┌────────

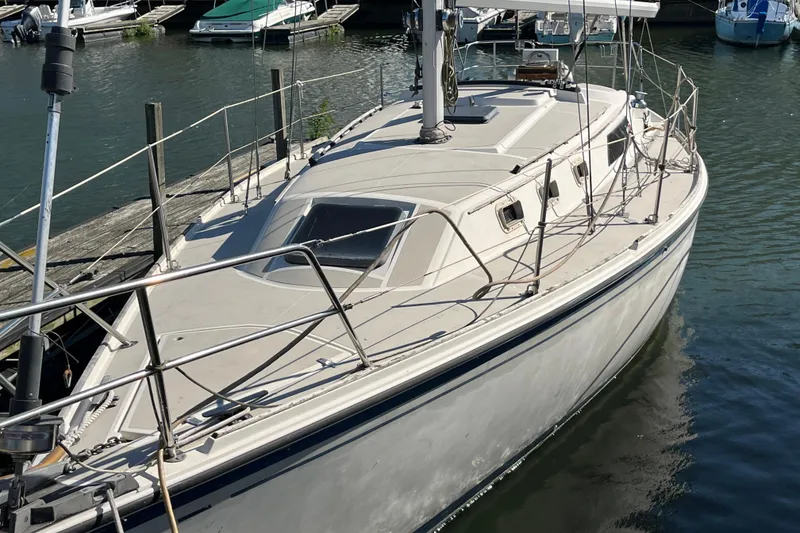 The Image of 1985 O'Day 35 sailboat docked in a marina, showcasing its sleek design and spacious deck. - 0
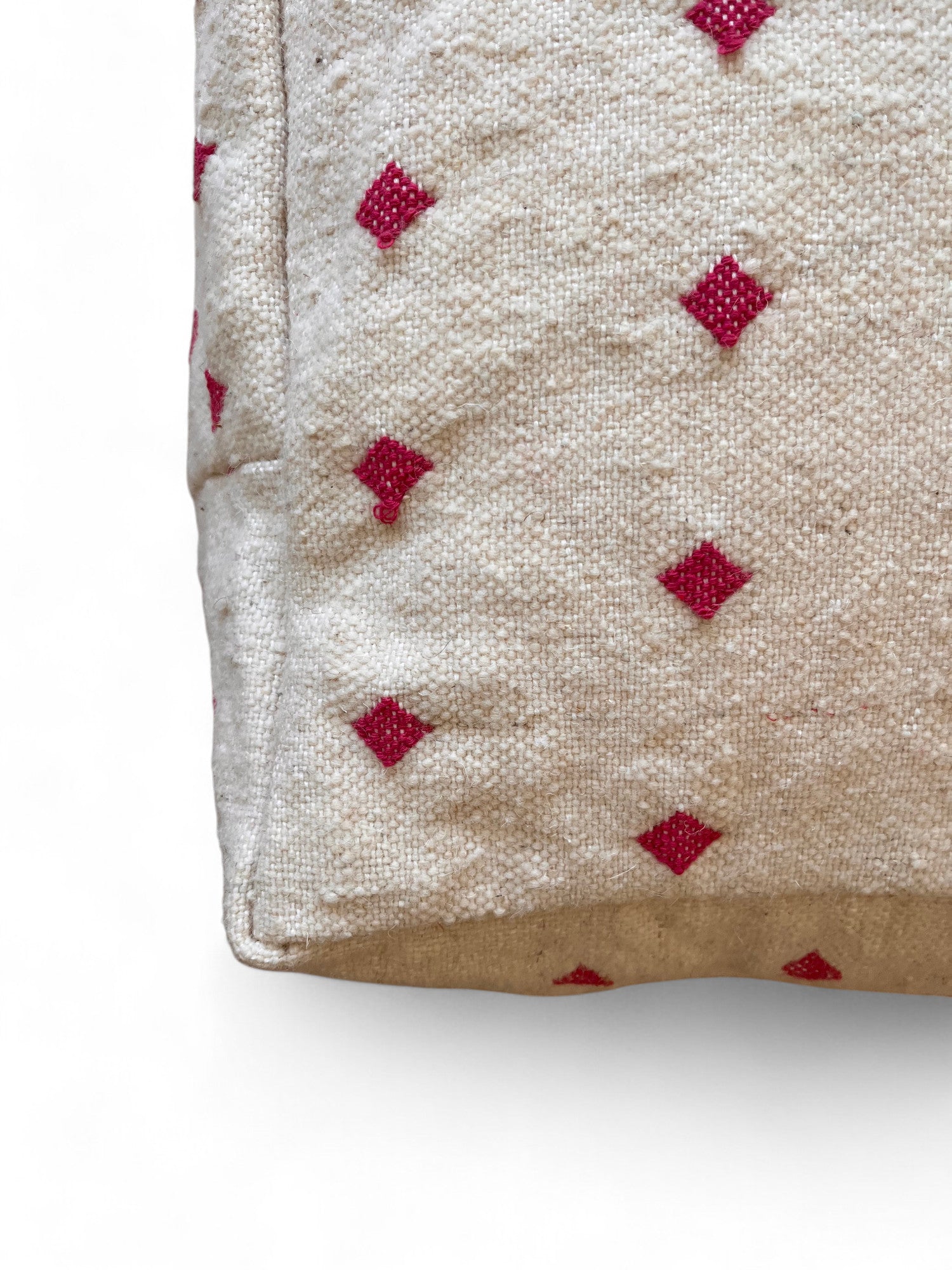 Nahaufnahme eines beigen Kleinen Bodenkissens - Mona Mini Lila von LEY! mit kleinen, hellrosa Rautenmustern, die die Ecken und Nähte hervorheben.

└────────
┌────────

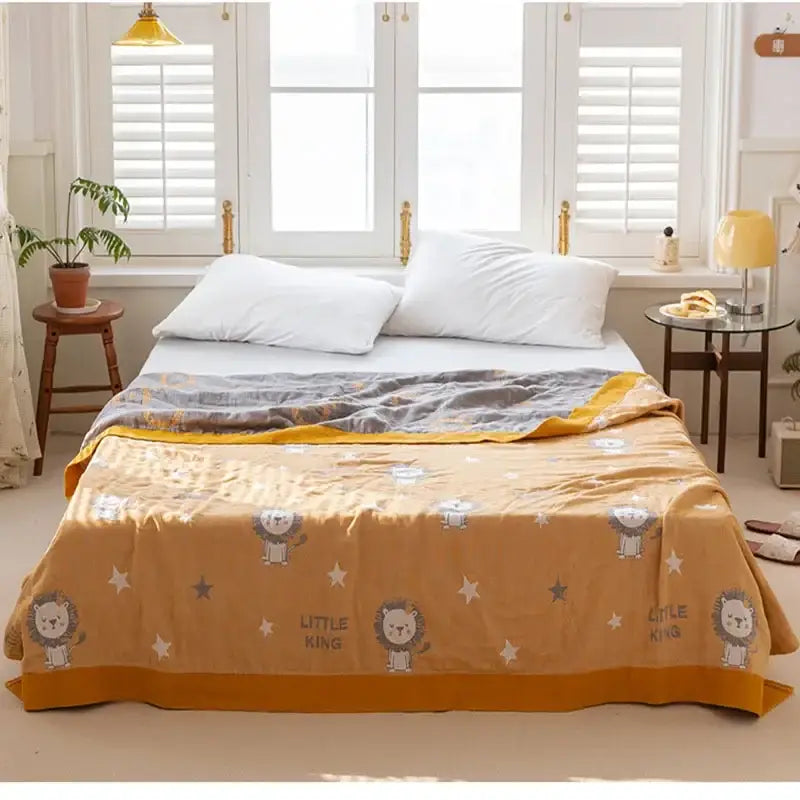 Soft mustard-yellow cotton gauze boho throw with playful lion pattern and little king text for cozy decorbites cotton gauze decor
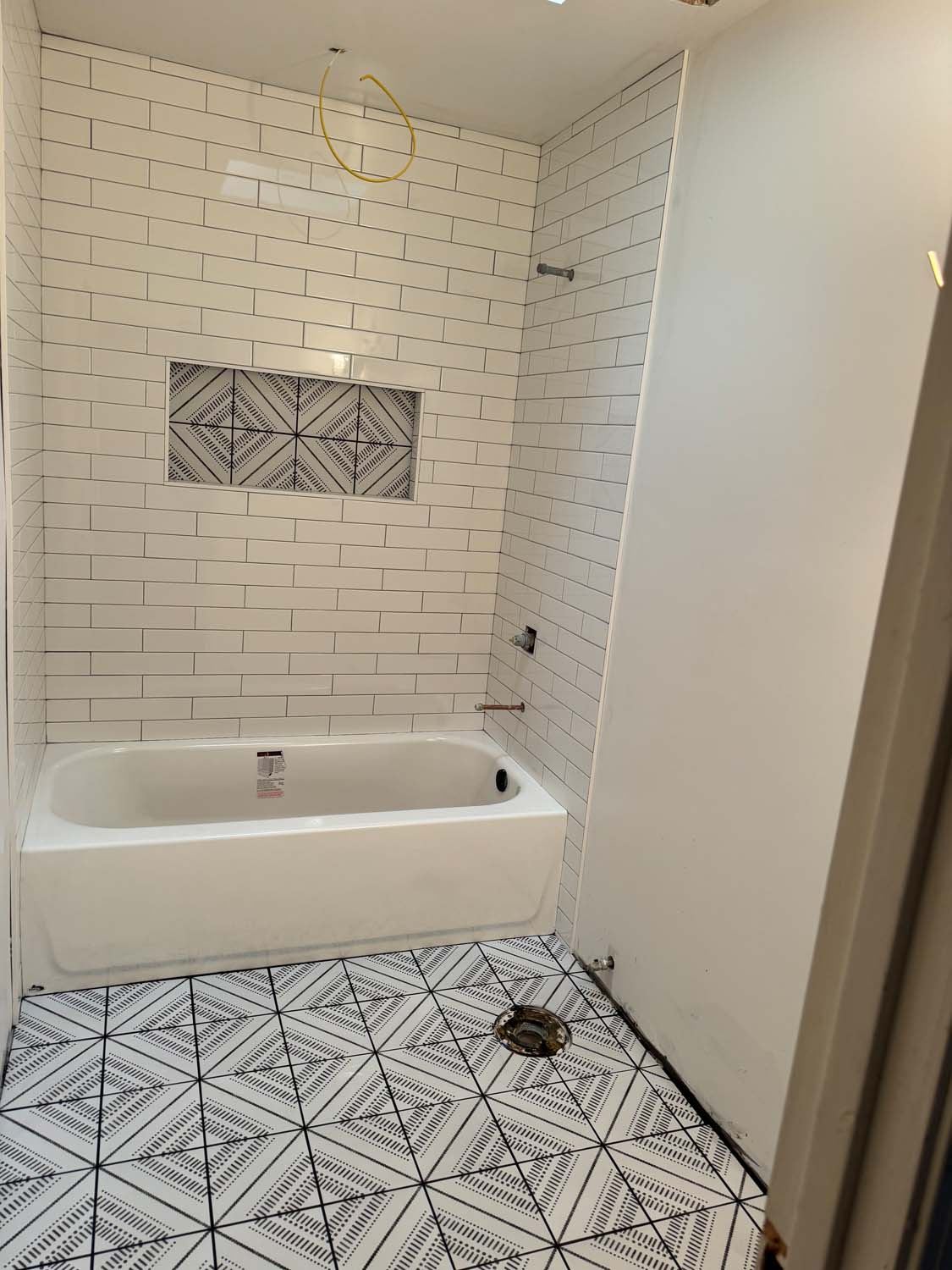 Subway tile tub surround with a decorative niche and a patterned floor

└────────

## Description of the task
Using the listing above, restate exactly the range between the lines holding "Soft mustard-yellow cotton" and "Subway tile tub", inclusive, with pictures left out.

## Task output
 Soft mustard-yellow cotton gauze boho throw with playful lion pattern and little king text for cozy decorbites cotton gauze decor
 Subway tile tub surround with a decorative niche and a patterned floor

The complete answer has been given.